Shared Audio Experiences (Headphones Recommended)

In today's world, the media interacted with is expanding its dimensions. This is a demo I made with a couple of my lab peers in school.

Using the Multipeer Connectivity framework, I was able to bring shared audio experiences to nearby iOS devices for our project. We wanted something to go with nature and thus decided to find a bunch of nature sounds and record the demo in the EcoCommons.

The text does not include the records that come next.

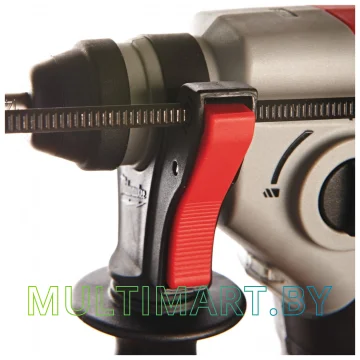 Перфоратор Milwaukee M18 BH-0 4933443320 (без АКБ) картинка 6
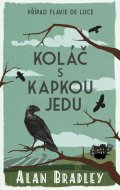 Bradley Alan: Koláč s kapkou jedu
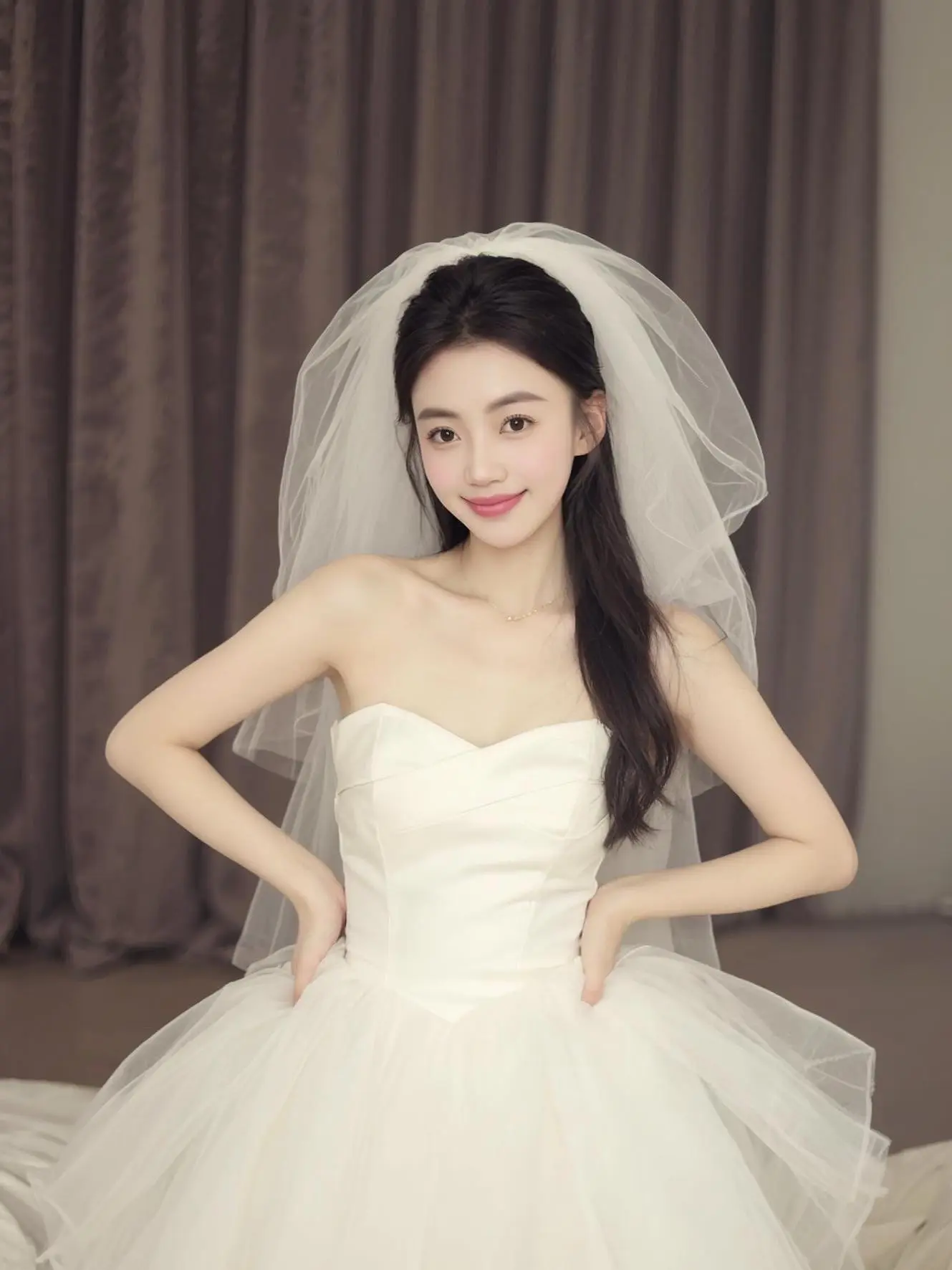 我自有千万面貌 你所见不过一二.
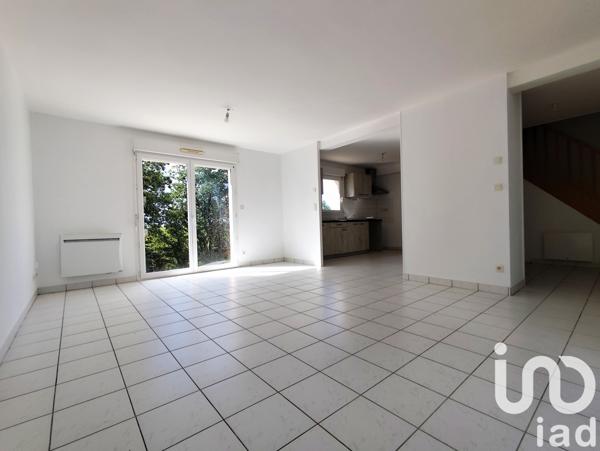 Maison à vendre 5 pièces 96 m² Redon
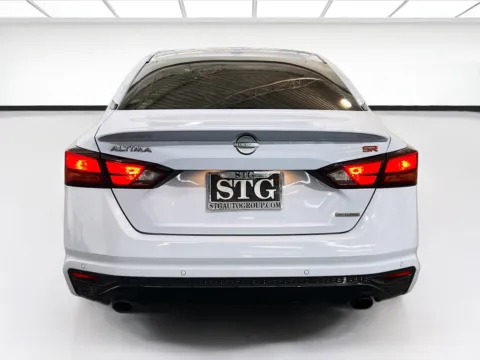 More photos of 2024 Nissan Altima 2.0 SR at STG Chandler, AZ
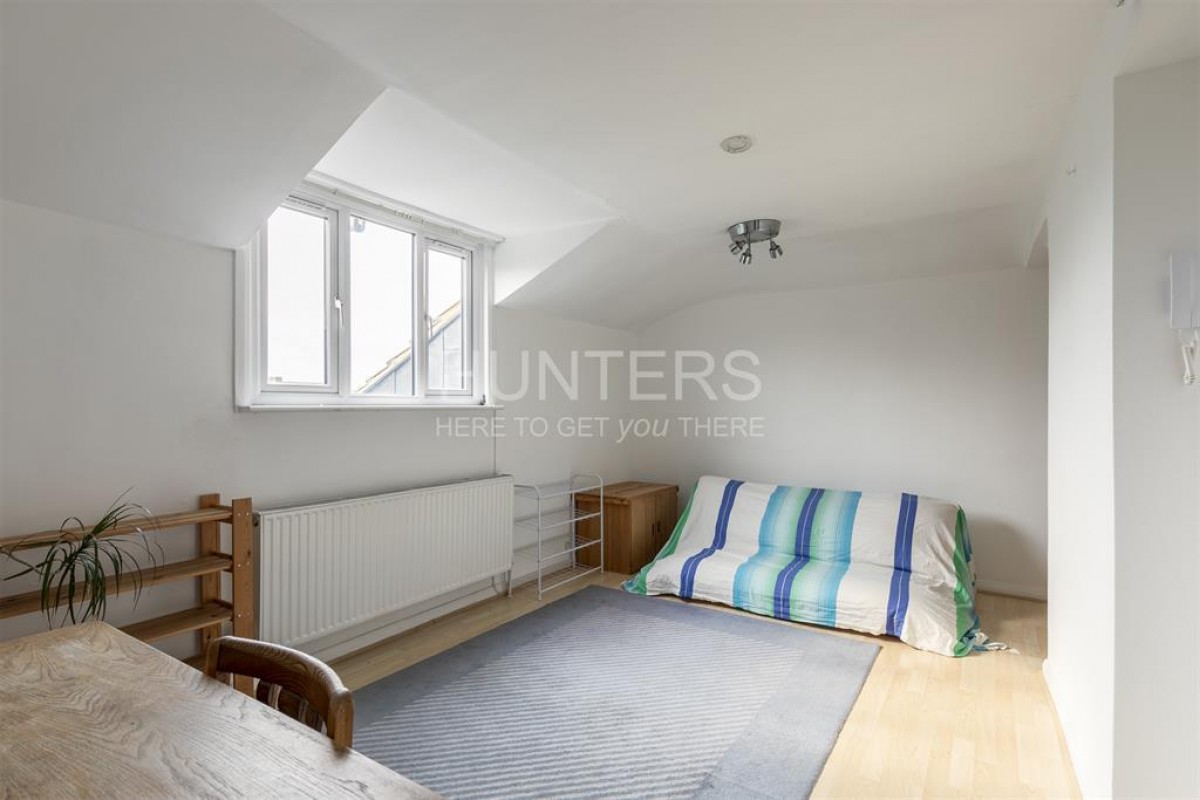Brondesbury Road, London, NW6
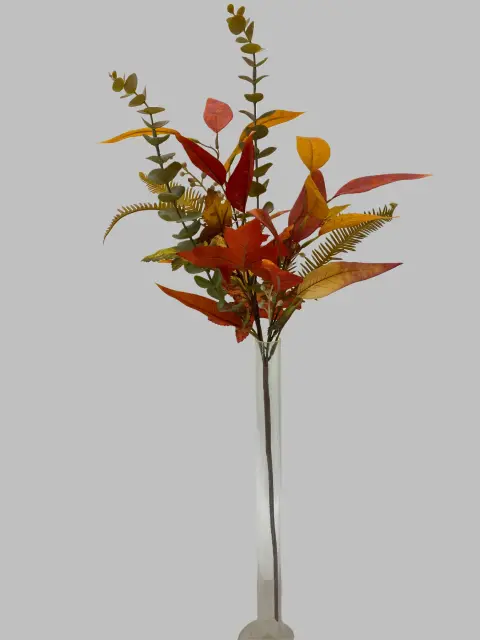 71 cm Decorative Pine Cone Pack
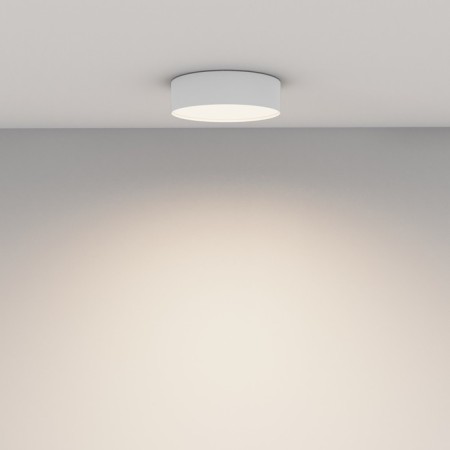Technical C032CL-24W4K-RD-W, LED, 24 W, 220X220X60 mm, 1820 lm, 2835, white, white lamp-5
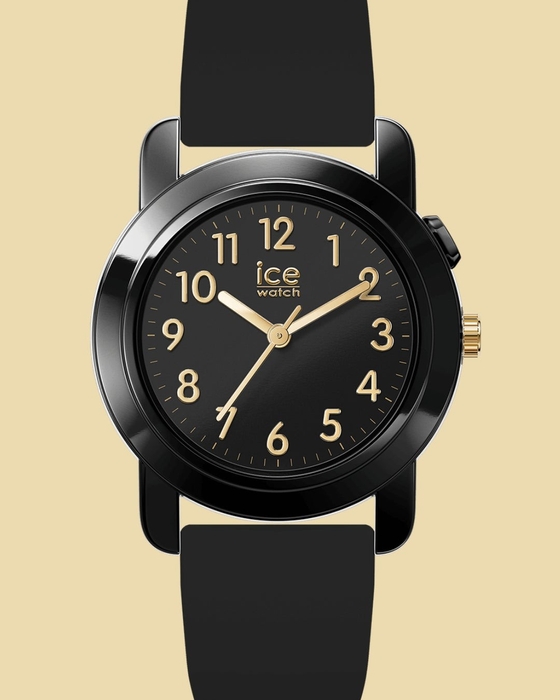 024917 BLACK GOLD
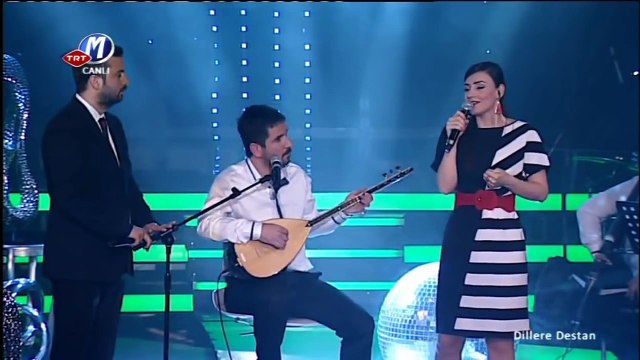 ONUR SAN _ SEVCAN ORHAN - SUNAM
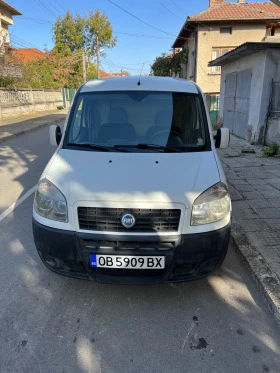  Fiat Doblo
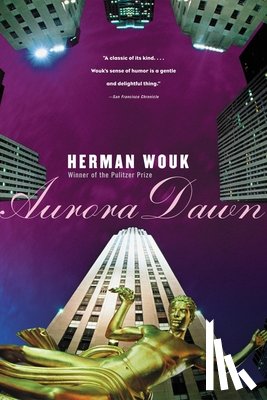 Wouk, Herman - Aurora Dawn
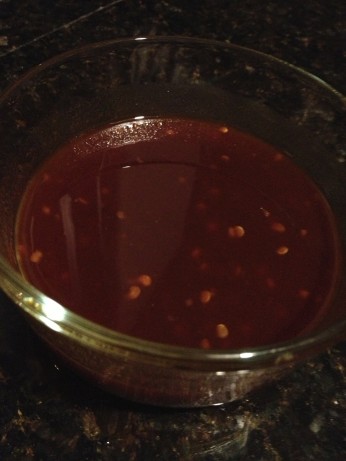 Asian Zing Sauce 31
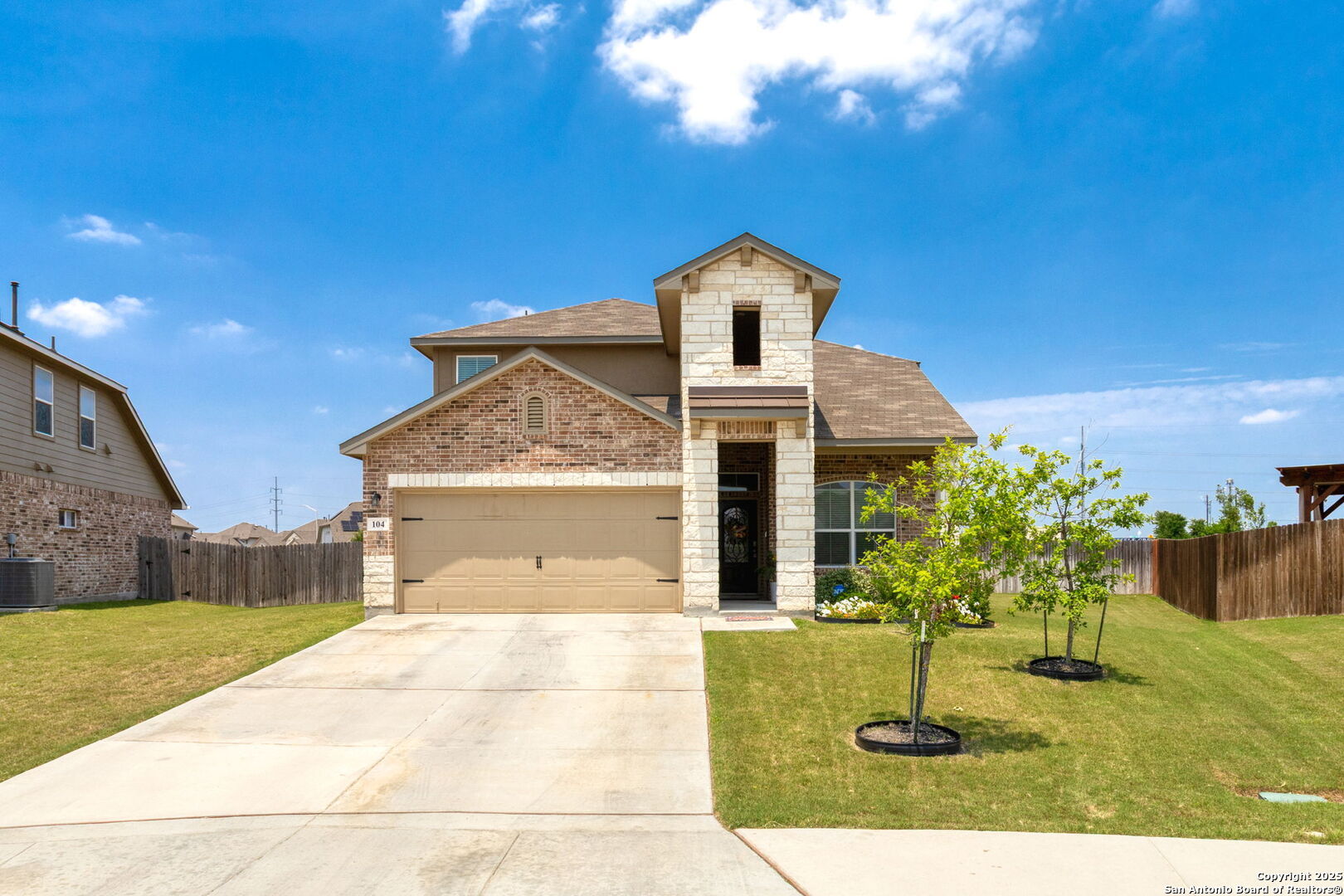 104 Mossy Bank Cibolo TX 78108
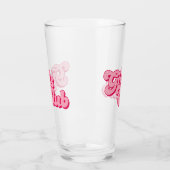 Mädchenclub Glas (Links)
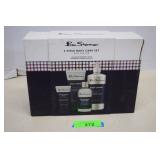 Ben Sherman 4-Piece Body Care Set. NIB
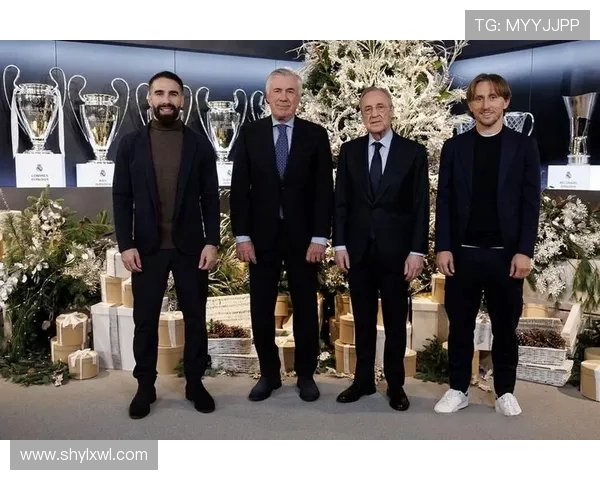 马卡：老佛爷与安切洛蒂关系融洽 或继续携手合作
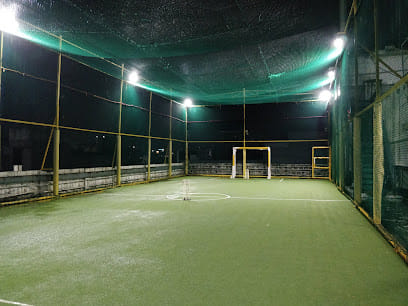 PlayersTurf - Kothari Malad
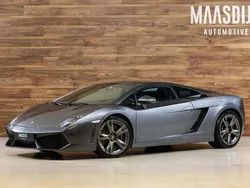Grijs, metallic lak Gebruikt 2011 Lamborghini Gallardo Coupé | € 98.740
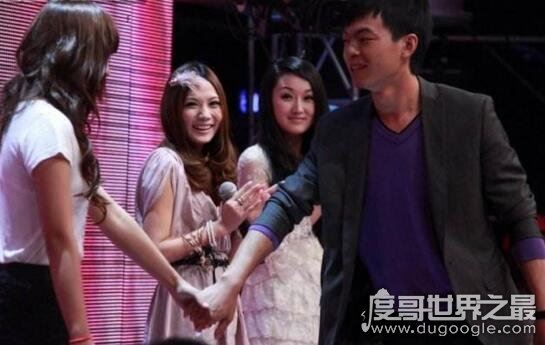 非诚勿扰厨师王超是哪一期，王超真实身份家庭背景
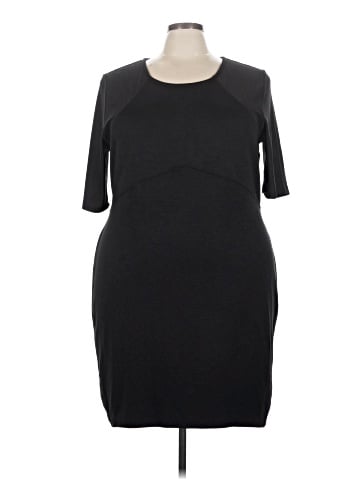 Attention Casual Dress (view 1)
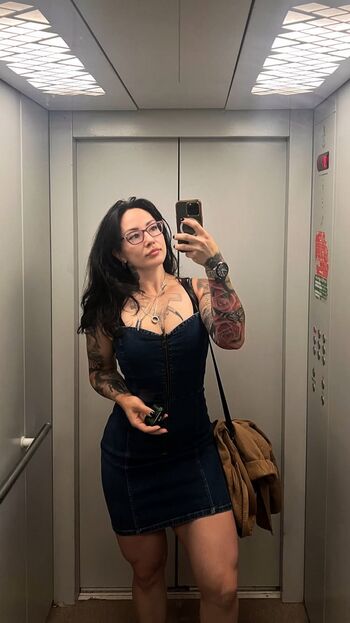 Full leaked Hell morgan private onlyfans photo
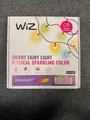 Wiz Smart Fairy Lights 20M Colour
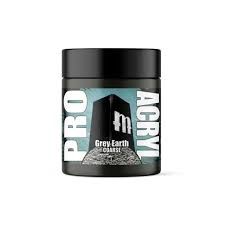 T02 - Pro Acryl Basing Textures - Grey Earth - COARSE 120ml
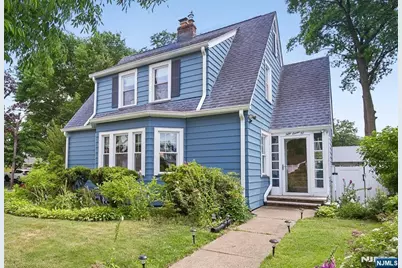 57 Oldis Street, Rochelle Park Township, NJ 07662 - Photo 1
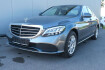 Mercedes Classe C Exclusive Benz c 180 cgi lim. exclusive navi/led/ahk/rfk
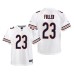 Youth Chicago Bears #23 Kyle Fuller White Nike Team Color Game Jersey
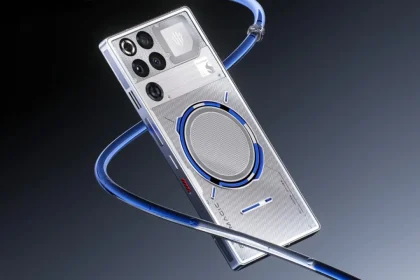 گوشی گیمینگ ردمجیک ۱۱ پرو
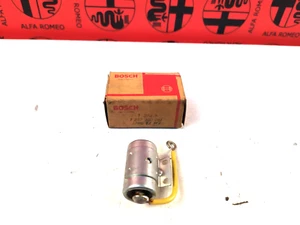 BOSCH CONDENSATORE SPINTEROGENO 1237330057 - Imagen 1 de 3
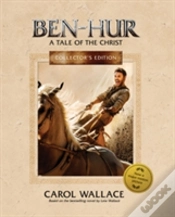 Capa do artigo Ben-Hur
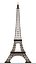 Eiffel Tower Replica
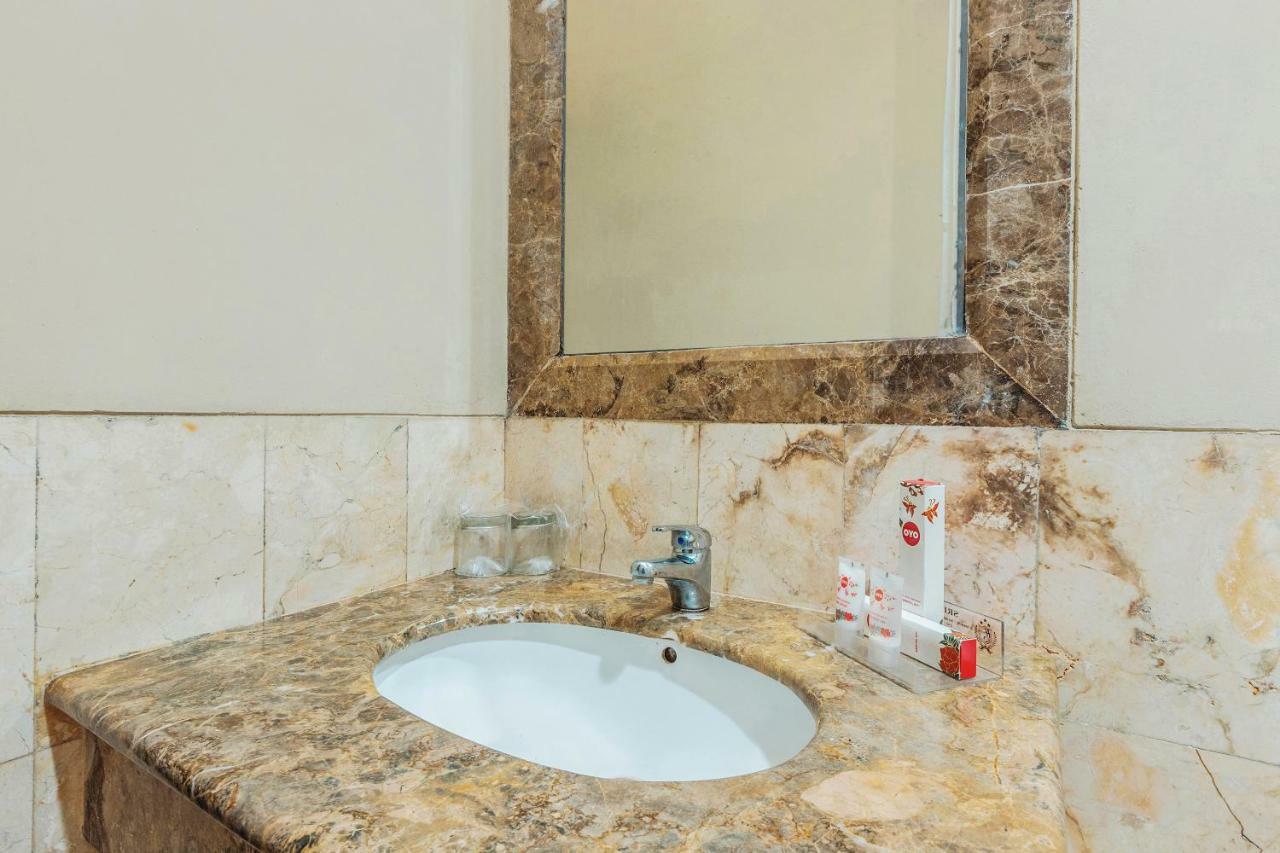 Capital O 534 Sriwijaya Hotel Dżakarta Zewnętrze zdjęcie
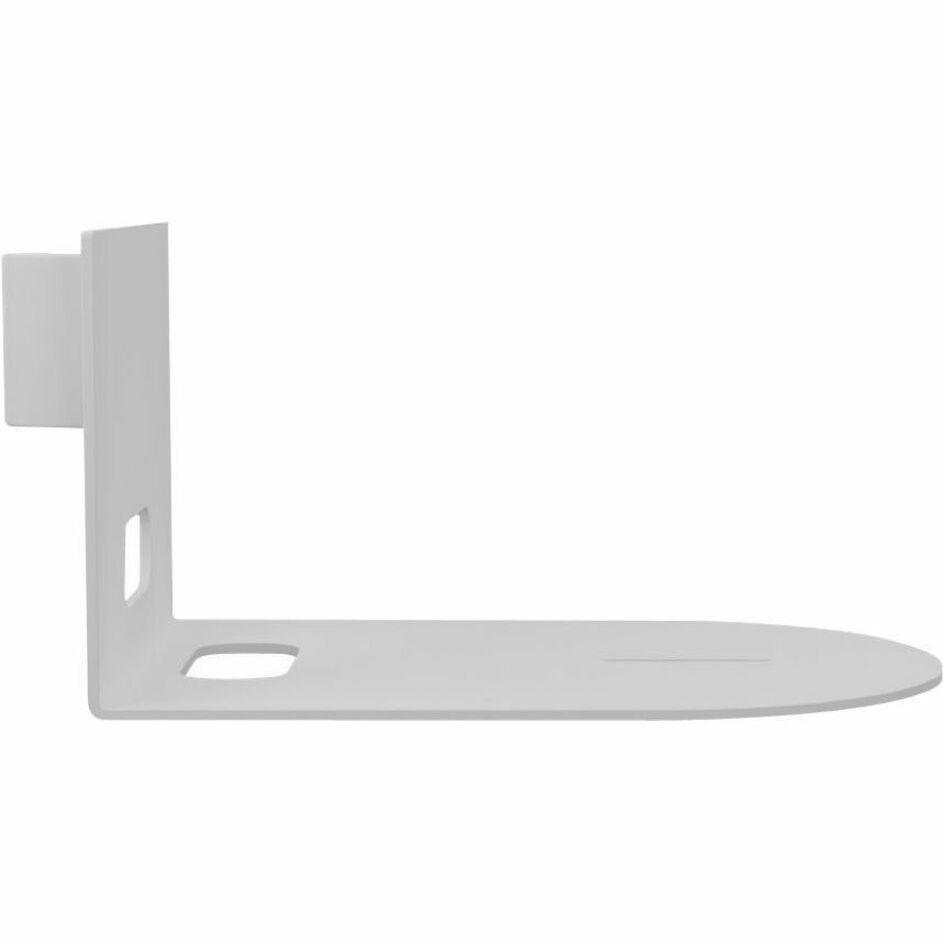 PTZOptics Pole Mount for PTZ Camera - White - 1 (PT-PM-3-WH)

My job was to extend this Apple demo (https://developer.apple.com/documentation/arkit/world_tracking/tracking_and_visualizing_planes), which uses an ARWorldTrackingConfiguration and an MCSession to send data back and forth between peers—such as items in the scene.

Tap to view Swift Code (View Controller)

import UIKit
import SceneKit
import ARKit
import MultipeerConnectivity

class ViewController: UIViewController, ARSCNViewDelegate, ARSessionDelegate {
	// MARK: - IBOutlets
    
    @IBOutlet weak var sessionInfoView: UIView!
    @IBOutlet weak var sessionInfoLabel: UILabel!
    @IBOutlet weak var sceneView: ARSCNView!
    @IBOutlet weak var sendMapButton: UIButton!
    @IBOutlet weak var mappingStatusLabel: UILabel!
    
    // MARK: - View Life Cycle
    
    var multipeerSession: MultipeerSession!
    var audioSpatializer = AudioSpatializer()
    let soundIdentities = [
    	"pine", 
    	"bird", 
    	"bird2", 
    	"frog", 
    	"monkey", 
    	"rain", 
    	"wind"
    ]
    var soundIdentity = "pine"

    // Usual setup code here (i.e. viewDidLoad)
	// MARK: - Multiuser shared session
	    
    /// - Tag: PlaceCharacter
    @IBAction func handleSceneTap(_ sender: UITapGestureRecognizer) {
        // Hit test to find a place for a virtual object
        guard let hitTestResult = sceneView
            .hitTest(
	            sender.location(in: sceneView),
	            types: [
	            		 .existingPlaneUsingGeometry,
	            		 .estimatedHorizontalPlane
	            ]
            )
            .first
            else { return }

        // Place an anchor for a virtual character.
        let anchor = ARAnchor(
        	name: soundIdentity, 
        	transform: hitTestResult.worldTransform
        )
        sceneView.session.add(anchor: anchor)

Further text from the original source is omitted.